Your objective: In the listing beneath this line, copy exactly the lines starting with the one containing "Tevez y Zárate sellaron la" and going on through the one containing "Used Volkswagen Golf".

Start of Data extracts

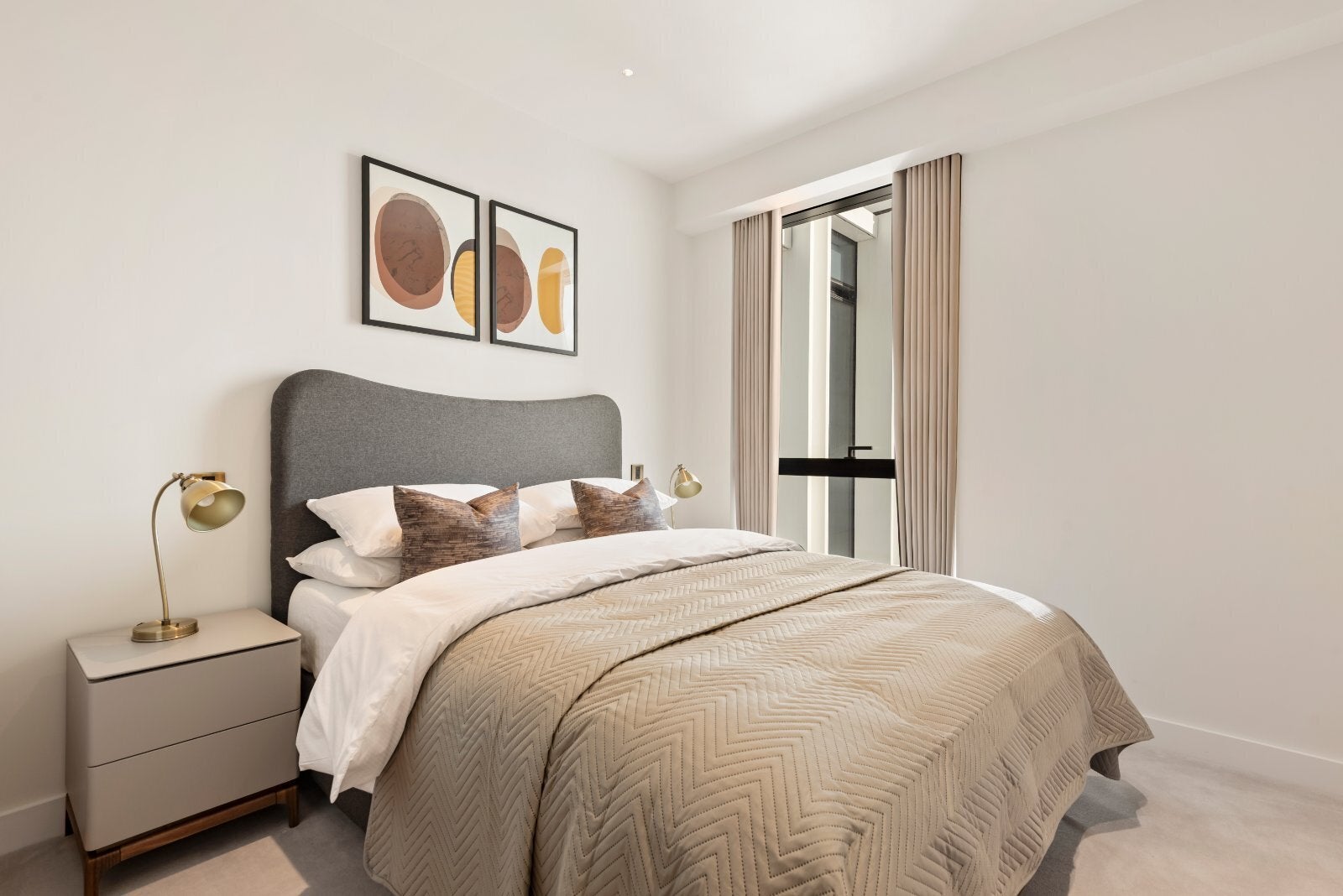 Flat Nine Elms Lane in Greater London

End of Data extracts
Start of Data extracts

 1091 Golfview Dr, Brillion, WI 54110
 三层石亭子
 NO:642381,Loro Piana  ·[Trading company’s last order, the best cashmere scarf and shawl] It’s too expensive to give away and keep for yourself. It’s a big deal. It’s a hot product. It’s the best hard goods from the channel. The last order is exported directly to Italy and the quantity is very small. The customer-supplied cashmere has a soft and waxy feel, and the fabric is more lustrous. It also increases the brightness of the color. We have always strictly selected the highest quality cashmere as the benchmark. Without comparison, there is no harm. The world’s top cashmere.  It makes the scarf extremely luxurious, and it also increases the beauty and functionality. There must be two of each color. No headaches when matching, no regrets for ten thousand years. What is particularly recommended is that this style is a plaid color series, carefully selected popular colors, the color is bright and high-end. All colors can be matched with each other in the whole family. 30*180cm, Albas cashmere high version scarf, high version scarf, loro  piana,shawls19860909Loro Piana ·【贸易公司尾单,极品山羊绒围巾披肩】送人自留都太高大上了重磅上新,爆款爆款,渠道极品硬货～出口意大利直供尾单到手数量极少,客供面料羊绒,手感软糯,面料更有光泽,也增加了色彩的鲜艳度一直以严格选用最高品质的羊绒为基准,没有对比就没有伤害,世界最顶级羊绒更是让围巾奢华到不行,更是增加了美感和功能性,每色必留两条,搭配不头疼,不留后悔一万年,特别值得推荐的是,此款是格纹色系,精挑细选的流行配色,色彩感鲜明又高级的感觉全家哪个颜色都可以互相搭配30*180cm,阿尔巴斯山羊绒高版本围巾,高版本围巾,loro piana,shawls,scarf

End of Data extracts
Start of Data extracts

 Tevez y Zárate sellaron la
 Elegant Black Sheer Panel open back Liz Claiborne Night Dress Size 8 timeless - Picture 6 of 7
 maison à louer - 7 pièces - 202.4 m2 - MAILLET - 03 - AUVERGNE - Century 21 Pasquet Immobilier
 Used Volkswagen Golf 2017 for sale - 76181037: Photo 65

End of Data extracts

Result of the task:
 Tevez y Zárate sellaron la
 Elegant Black Sheer Panel open back Liz Claiborne Night Dress Size 8 timeless - Picture 6 of 7
 maison à louer - 7 pièces - 202.4 m2 - MAILLET - 03 - AUVERGNE - Century 21 Pasquet Immobilier
 Used Volkswagen Golf 2017 for sale - 76181037: Photo 65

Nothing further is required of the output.